= Maria Helena de Senna Fernandes =

Macanese tourism director

Maria Helena de Senna Fernandes (文綺華) is a Macanese civil servant, currently heading the Macau government's tourism office. She is a recipient of the Medal of Merit from the Macau government, an office-holder in the Pacific Asia Travel Association, and serves on several government committees.

== Career ==
Senna Fernandes worked for a year in banking before she joined the Macau government's tourism department in 1988, working initially in their marketing department, then in promotions, and later serving as deputy director. Since 2012, she has been the director of the Macau Government Tourism Office, replacing João Manuel Costa Antunes and heading the regulation of Macau's significant tourism industry. In 2021, her tenure as director was extended to 2023.

She also serves on a number of government committees in Macau, including acting as the co-coordinator of the Tourism Crisis Management Office, and as a member of the Macau government's Economic Development Committee, Cultural Advisory Committee, Creative Industries Committee, and the Urban Planning Committee. She also serves on the committee that organizes the Macau Grand Prix, and during her tenure as tourism director, oversaw the renovation and reopening of the Macau Grand Prix Museum in 2021.
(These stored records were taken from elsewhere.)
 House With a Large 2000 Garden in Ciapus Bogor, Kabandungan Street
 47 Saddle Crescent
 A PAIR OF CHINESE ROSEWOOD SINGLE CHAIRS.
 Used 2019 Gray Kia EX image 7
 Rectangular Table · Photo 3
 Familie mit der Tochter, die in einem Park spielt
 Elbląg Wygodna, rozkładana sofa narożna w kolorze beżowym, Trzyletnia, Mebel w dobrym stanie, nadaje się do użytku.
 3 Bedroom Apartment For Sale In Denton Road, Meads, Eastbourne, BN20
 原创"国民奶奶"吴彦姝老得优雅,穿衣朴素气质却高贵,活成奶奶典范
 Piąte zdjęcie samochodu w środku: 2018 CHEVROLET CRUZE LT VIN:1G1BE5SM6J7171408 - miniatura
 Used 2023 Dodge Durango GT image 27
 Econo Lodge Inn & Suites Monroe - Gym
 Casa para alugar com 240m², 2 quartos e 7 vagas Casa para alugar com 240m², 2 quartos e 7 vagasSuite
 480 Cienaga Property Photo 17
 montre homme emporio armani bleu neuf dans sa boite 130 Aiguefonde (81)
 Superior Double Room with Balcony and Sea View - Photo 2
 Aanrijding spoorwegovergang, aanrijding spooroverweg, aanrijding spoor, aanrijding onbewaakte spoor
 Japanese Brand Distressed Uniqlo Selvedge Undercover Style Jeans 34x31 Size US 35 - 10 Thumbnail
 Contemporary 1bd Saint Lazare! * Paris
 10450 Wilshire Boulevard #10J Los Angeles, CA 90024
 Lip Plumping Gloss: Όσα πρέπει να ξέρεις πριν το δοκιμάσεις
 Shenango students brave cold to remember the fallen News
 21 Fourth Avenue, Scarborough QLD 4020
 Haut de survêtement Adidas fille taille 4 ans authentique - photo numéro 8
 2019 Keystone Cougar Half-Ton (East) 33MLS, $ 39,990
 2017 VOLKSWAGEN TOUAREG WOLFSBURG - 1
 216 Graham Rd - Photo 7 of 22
In 2016, the Macau government presented her with the Medal of Merit, for her services to tourism. In 2018, she was elected the treasurer of the Pacific Asia Travel Association. Senna Fernandes has also participated in the Macau government's response to the COVID-19 pandemic, especially with respect to repatriating Macanese citizens.

== Biography ==
Maria Helena de Senna Fernandes was born in Macau, and her family is of Eurasian descent. She studied business administration at the University of Macau, graduating in 1987. She speaks several languages, including English, Cantonese, Mandarin, and Portuguese.